» Records provided:
++++++++++

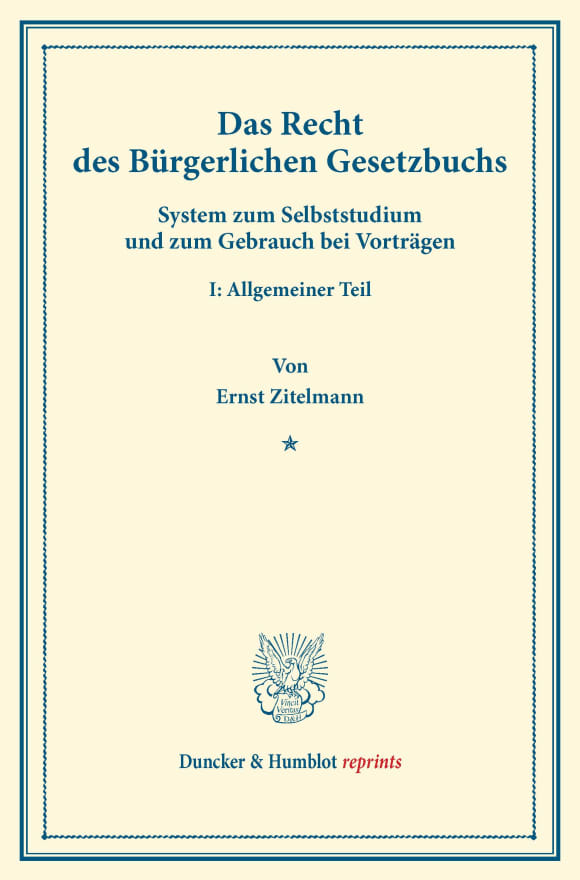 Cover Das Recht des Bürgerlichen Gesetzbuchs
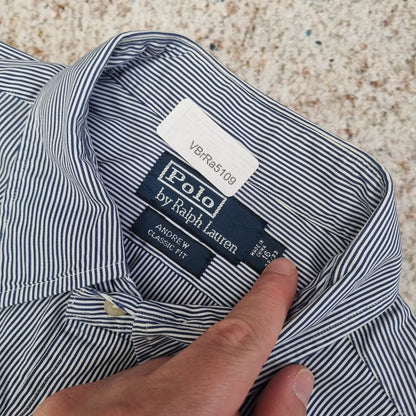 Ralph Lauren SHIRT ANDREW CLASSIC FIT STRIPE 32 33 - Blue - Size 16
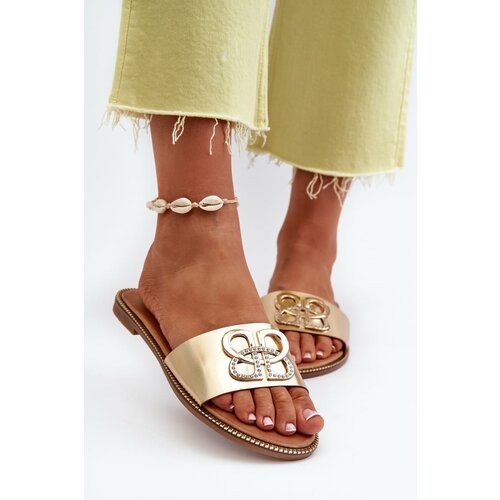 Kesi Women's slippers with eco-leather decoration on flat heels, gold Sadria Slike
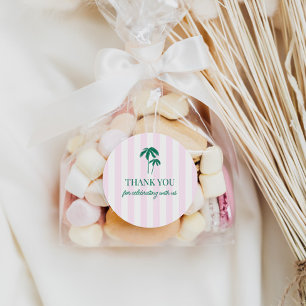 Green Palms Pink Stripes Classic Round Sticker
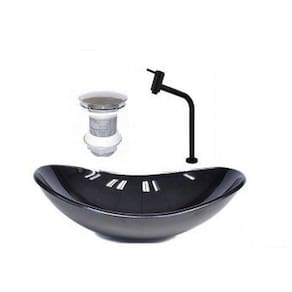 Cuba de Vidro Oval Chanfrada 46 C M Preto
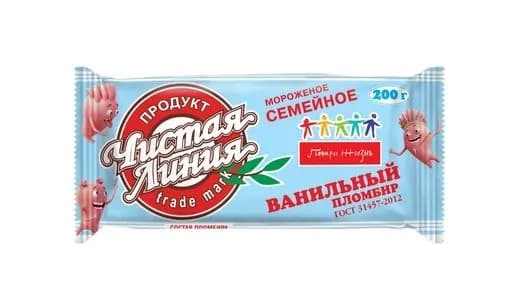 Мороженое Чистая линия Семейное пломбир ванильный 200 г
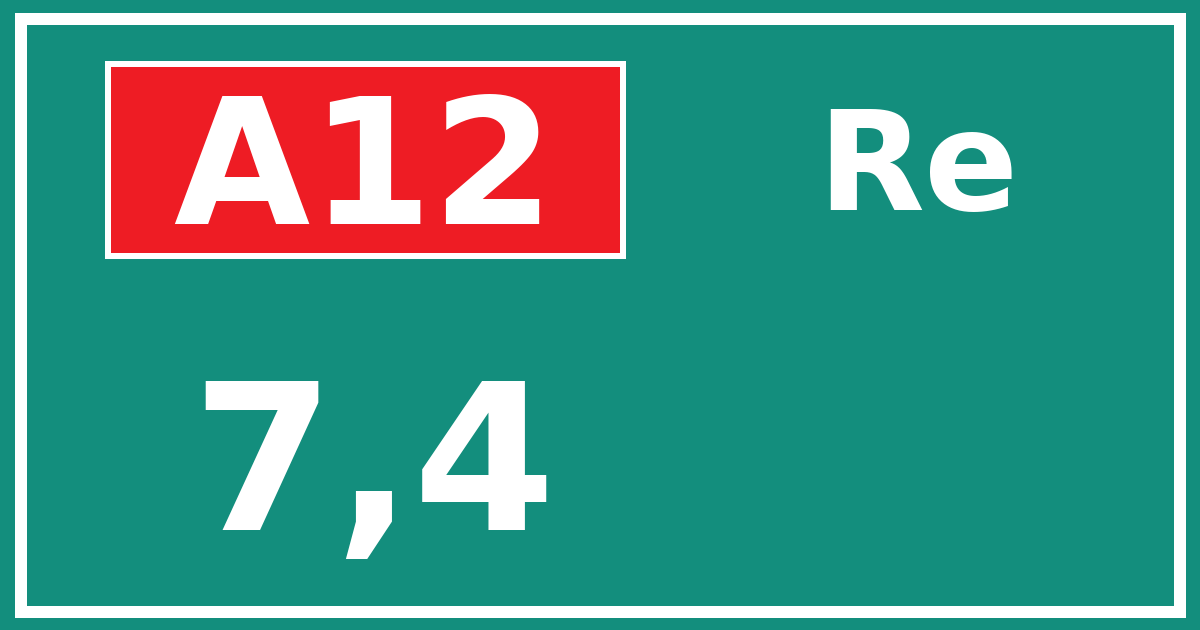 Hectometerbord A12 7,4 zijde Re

++++++++++

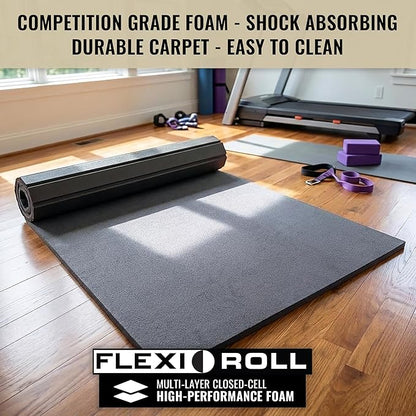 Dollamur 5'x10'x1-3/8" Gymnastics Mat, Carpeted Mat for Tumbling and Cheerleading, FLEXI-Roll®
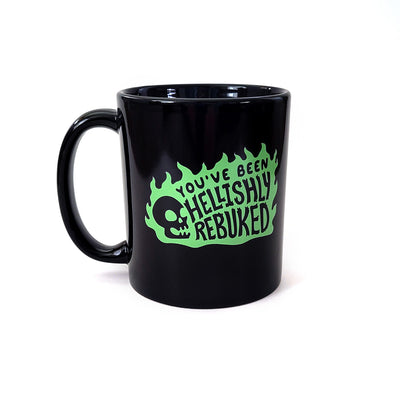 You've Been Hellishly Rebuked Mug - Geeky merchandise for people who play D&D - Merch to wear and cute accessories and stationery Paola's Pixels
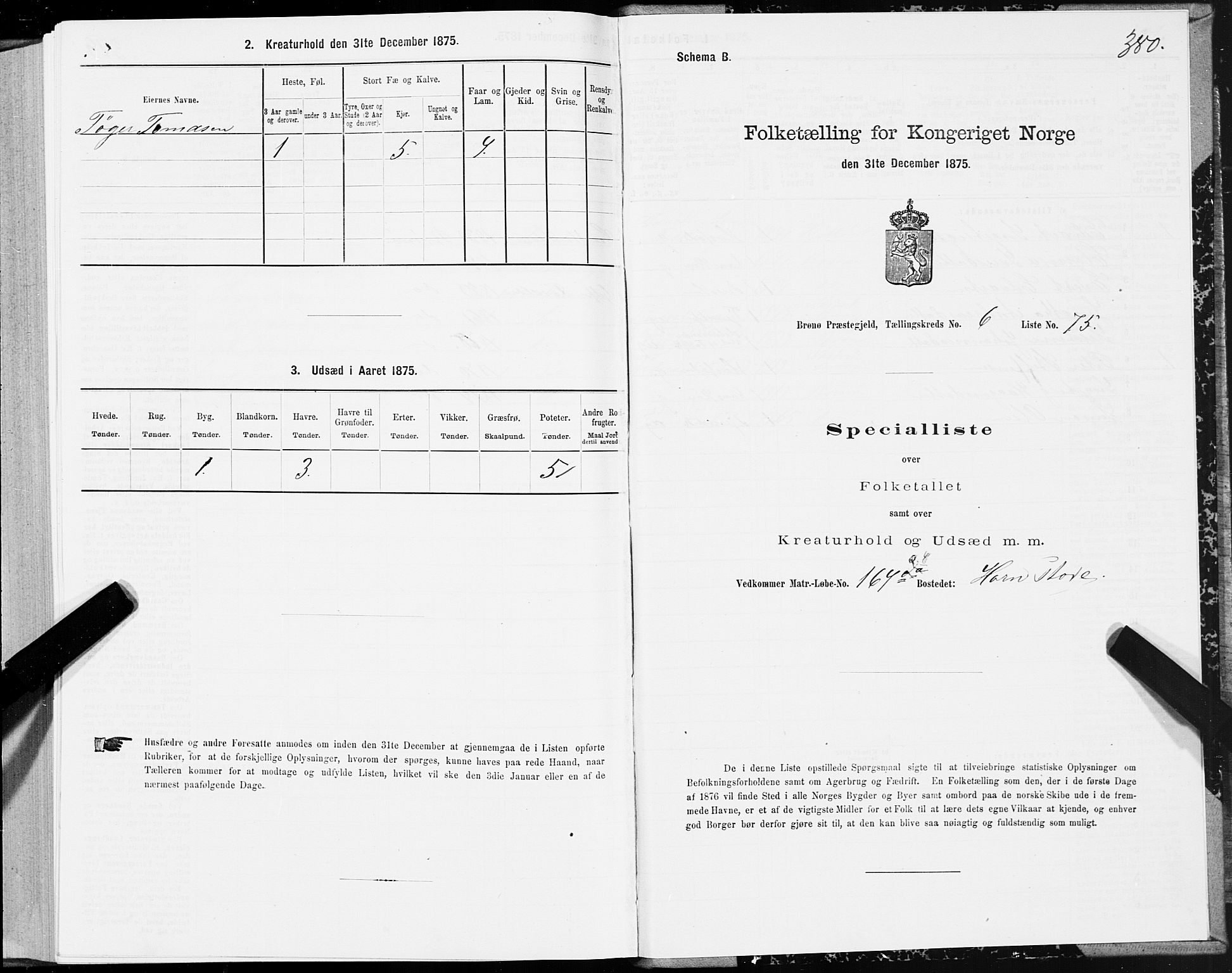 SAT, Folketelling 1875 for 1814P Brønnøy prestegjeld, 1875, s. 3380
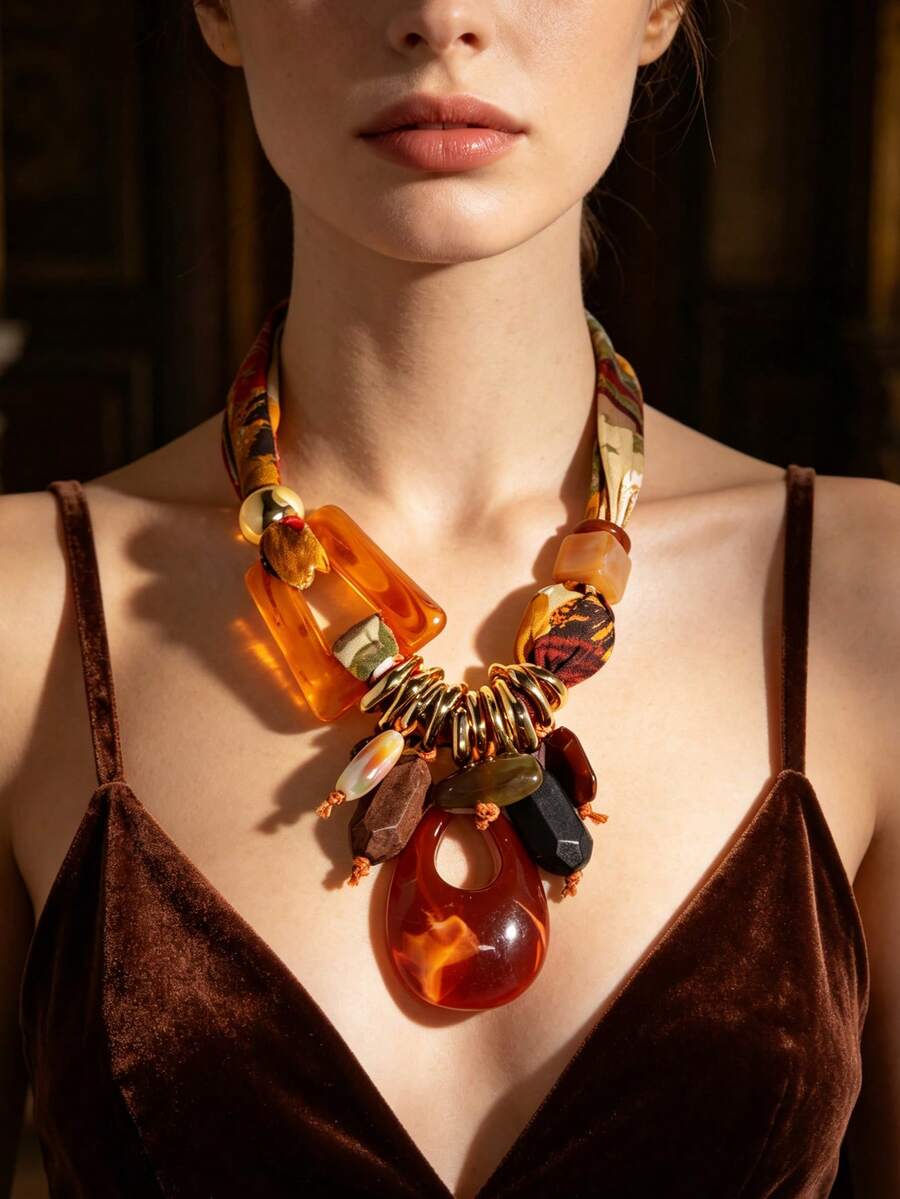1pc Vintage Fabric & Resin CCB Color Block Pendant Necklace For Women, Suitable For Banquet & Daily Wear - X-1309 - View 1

++++++++++

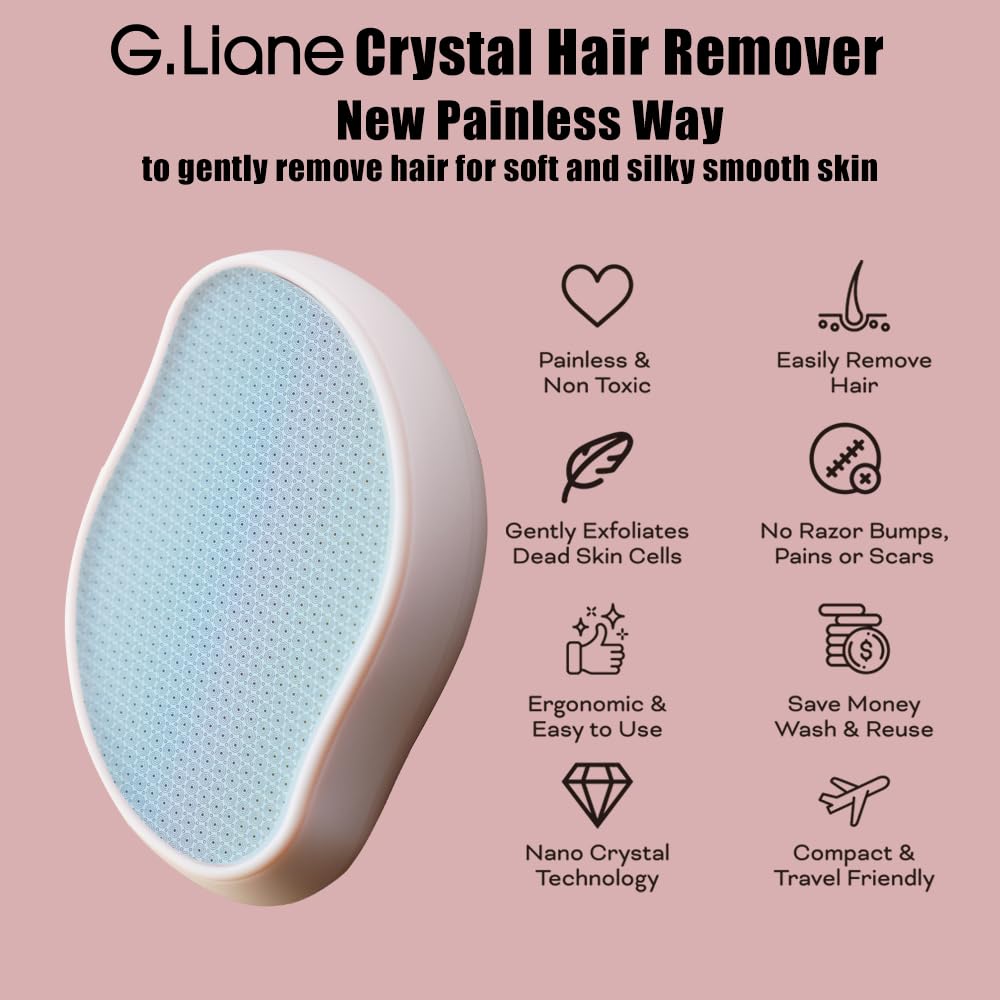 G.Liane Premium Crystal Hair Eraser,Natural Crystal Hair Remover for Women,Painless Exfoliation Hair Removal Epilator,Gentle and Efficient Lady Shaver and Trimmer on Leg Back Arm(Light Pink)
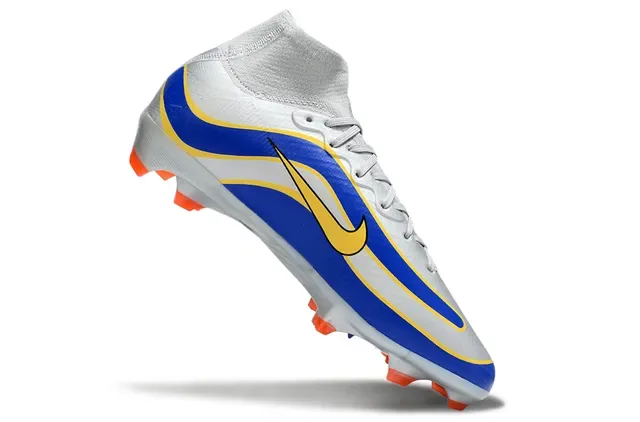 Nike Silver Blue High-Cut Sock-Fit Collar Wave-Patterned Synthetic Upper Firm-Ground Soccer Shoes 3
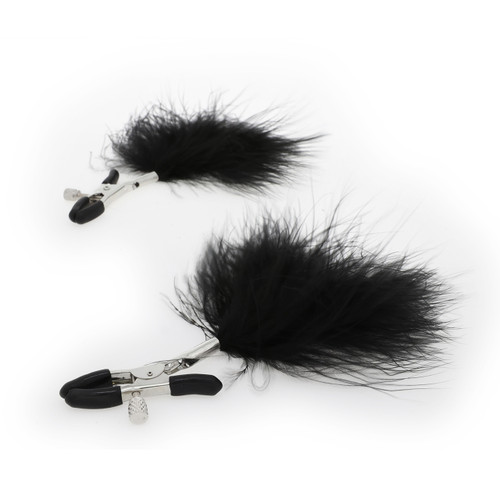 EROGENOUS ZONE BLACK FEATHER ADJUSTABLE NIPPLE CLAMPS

++++++++++

» What needs to be done: From the data above, return exactly the lines from the one with "Kesi Women's slippers" up to and including the one with "Hectometerbord A12 7,4 zijde Re". Pictures do not go in the copy.

» Solution for this exercise:
 Kesi Women's slippers with eco-leather decoration on flat heels, gold Sadria Slike
 Green Palms Pink Stripes Classic Round Sticker
 Cuba de Vidro Oval Chanfrada 46 C M Preto
 Мороженое Чистая линия Семейное пломбир ванильный 200 г
 Hectometerbord A12 7,4 zijde Re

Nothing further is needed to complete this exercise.